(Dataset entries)
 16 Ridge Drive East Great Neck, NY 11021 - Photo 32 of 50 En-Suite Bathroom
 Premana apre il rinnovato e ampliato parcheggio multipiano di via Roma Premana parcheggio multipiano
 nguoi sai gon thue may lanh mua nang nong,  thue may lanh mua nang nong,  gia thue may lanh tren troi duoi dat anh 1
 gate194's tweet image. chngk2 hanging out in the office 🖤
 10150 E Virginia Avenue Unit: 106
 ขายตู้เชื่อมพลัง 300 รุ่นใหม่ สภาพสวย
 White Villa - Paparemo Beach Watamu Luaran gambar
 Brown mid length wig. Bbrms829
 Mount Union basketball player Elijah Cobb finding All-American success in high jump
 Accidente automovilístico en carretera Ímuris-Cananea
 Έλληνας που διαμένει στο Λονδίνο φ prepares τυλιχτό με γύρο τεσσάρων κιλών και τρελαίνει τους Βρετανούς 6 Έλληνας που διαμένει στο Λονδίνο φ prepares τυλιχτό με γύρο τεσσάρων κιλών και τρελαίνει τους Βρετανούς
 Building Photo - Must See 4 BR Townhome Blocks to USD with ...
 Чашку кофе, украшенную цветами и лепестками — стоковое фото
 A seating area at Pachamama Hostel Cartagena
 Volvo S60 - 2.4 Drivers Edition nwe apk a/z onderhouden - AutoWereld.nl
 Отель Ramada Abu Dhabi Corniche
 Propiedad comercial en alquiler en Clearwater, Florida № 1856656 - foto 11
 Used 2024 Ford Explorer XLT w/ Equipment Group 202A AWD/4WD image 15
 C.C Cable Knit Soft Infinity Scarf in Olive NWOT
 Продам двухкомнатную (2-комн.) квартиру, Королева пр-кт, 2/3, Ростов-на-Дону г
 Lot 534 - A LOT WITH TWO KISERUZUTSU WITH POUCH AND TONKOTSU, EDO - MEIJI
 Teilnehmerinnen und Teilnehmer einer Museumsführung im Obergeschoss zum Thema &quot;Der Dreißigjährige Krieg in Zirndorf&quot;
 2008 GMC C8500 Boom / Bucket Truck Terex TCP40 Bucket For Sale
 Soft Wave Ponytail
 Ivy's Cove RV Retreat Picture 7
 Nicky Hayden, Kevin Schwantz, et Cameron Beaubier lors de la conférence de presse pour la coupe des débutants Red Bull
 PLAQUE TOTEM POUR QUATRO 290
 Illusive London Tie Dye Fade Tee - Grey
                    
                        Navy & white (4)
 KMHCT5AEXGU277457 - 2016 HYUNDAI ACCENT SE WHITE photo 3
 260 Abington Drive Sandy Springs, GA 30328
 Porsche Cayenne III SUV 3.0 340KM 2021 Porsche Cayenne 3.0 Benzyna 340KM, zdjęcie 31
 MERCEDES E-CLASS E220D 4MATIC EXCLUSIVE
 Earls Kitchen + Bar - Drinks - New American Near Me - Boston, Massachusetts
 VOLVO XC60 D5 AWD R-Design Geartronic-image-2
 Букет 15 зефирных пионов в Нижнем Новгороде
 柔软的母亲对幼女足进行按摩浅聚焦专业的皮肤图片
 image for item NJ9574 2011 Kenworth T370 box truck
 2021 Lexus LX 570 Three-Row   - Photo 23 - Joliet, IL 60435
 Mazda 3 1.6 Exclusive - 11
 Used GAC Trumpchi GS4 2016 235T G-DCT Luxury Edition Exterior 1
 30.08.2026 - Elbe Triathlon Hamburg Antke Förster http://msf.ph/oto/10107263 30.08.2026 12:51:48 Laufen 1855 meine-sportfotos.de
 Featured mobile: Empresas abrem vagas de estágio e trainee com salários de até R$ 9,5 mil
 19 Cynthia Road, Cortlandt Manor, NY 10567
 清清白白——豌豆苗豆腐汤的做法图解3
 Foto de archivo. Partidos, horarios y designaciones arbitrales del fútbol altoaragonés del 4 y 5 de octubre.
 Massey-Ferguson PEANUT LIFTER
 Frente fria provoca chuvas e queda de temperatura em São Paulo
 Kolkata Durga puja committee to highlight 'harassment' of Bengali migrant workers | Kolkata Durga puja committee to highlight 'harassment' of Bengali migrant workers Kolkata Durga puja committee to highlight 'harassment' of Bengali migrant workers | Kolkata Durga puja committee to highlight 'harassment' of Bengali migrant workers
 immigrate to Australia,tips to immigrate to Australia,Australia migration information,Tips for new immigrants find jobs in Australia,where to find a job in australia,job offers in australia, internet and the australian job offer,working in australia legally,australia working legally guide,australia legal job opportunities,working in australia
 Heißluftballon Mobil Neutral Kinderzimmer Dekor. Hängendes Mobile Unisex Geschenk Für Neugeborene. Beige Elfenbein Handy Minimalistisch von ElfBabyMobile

» **What the exercise asks**
An exact repetition of the data above is all that is needed.

» **Output of the exercise**
 16 Ridge Drive East Great Neck, NY 11021 - Photo 32 of 50 En-Suite Bathroom
 Premana apre il rinnovato e ampliato parcheggio multipiano di via Roma Premana parcheggio multipiano
 nguoi sai gon thue may lanh mua nang nong,  thue may lanh mua nang nong,  gia thue may lanh tren troi duoi dat anh 1
 gate194's tweet image. chngk2 hanging out in the office 🖤
 10150 E Virginia Avenue Unit: 106
 ขายตู้เชื่อมพลัง 300 รุ่นใหม่ สภาพสวย
 White Villa - Paparemo Beach Watamu Luaran gambar
 Brown mid length wig. Bbrms829
 Mount Union basketball player Elijah Cobb finding All-American success in high jump
 Accidente automovilístico en carretera Ímuris-Cananea
 Έλληνας που διαμένει στο Λονδίνο φ prepares τυλιχτό με γύρο τεσσάρων κιλών και τρελαίνει τους Βρετανούς 6 Έλληνας που διαμένει στο Λονδίνο φ prepares τυλιχτό με γύρο τεσσάρων κιλών και τρελαίνει τους Βρετανούς
 Building Photo - Must See 4 BR Townhome Blocks to USD with ...
 Чашку кофе, украшенную цветами и лепестками — стоковое фото
 A seating area at Pachamama Hostel Cartagena
 Volvo S60 - 2.4 Drivers Edition nwe apk a/z onderhouden - AutoWereld.nl
 Отель Ramada Abu Dhabi Corniche
 Propiedad comercial en alquiler en Clearwater, Florida № 1856656 - foto 11
 Used 2024 Ford Explorer XLT w/ Equipment Group 202A AWD/4WD image 15
 C.C Cable Knit Soft Infinity Scarf in Olive NWOT
 Продам двухкомнатную (2-комн.) квартиру, Королева пр-кт, 2/3, Ростов-на-Дону г
 Lot 534 - A LOT WITH TWO KISERUZUTSU WITH POUCH AND TONKOTSU, EDO - MEIJI
 Teilnehmerinnen und Teilnehmer einer Museumsführung im Obergeschoss zum Thema &quot;Der Dreißigjährige Krieg in Zirndorf&quot;
 2008 GMC C8500 Boom / Bucket Truck Terex TCP40 Bucket For Sale
 Soft Wave Ponytail
 Ivy's Cove RV Retreat Picture 7
 Nicky Hayden, Kevin Schwantz, et Cameron Beaubier lors de la conférence de presse pour la coupe des débutants Red Bull
 PLAQUE TOTEM POUR QUATRO 290
 Illusive London Tie Dye Fade Tee - Grey
                    
                        Navy & white (4)
 KMHCT5AEXGU277457 - 2016 HYUNDAI ACCENT SE WHITE photo 3
 260 Abington Drive Sandy Springs, GA 30328
 Porsche Cayenne III SUV 3.0 340KM 2021 Porsche Cayenne 3.0 Benzyna 340KM, zdjęcie 31
 MERCEDES E-CLASS E220D 4MATIC EXCLUSIVE
 Earls Kitchen + Bar - Drinks - New American Near Me - Boston, Massachusetts
 VOLVO XC60 D5 AWD R-Design Geartronic-image-2
 Букет 15 зефирных пионов в Нижнем Новгороде
 柔软的母亲对幼女足进行按摩浅聚焦专业的皮肤图片
 image for item NJ9574 2011 Kenworth T370 box truck
 2021 Lexus LX 570 Three-Row   - Photo 23 - Joliet, IL 60435
 Mazda 3 1.6 Exclusive - 11
 Used GAC Trumpchi GS4 2016 235T G-DCT Luxury Edition Exterior 1
 30.08.2026 - Elbe Triathlon Hamburg Antke Förster http://msf.ph/oto/10107263 30.08.2026 12:51:48 Laufen 1855 meine-sportfotos.de
 Featured mobile: Empresas abrem vagas de estágio e trainee com salários de até R$ 9,5 mil
 19 Cynthia Road, Cortlandt Manor, NY 10567
 清清白白——豌豆苗豆腐汤的做法图解3
 Foto de archivo. Partidos, horarios y designaciones arbitrales del fútbol altoaragonés del 4 y 5 de octubre.
 Massey-Ferguson PEANUT LIFTER
 Frente fria provoca chuvas e queda de temperatura em São Paulo
 Kolkata Durga puja committee to highlight 'harassment' of Bengali migrant workers | Kolkata Durga puja committee to highlight 'harassment' of Bengali migrant workers Kolkata Durga puja committee to highlight 'harassment' of Bengali migrant workers | Kolkata Durga puja committee to highlight 'harassment' of Bengali migrant workers
 immigrate to Australia,tips to immigrate to Australia,Australia migration information,Tips for new immigrants find jobs in Australia,where to find a job in australia,job offers in australia, internet and the australian job offer,working in australia legally,australia working legally guide,australia legal job opportunities,working in australia
 Heißluftballon Mobil Neutral Kinderzimmer Dekor. Hängendes Mobile Unisex Geschenk Für Neugeborene. Beige Elfenbein Handy Minimalistisch von ElfBabyMobile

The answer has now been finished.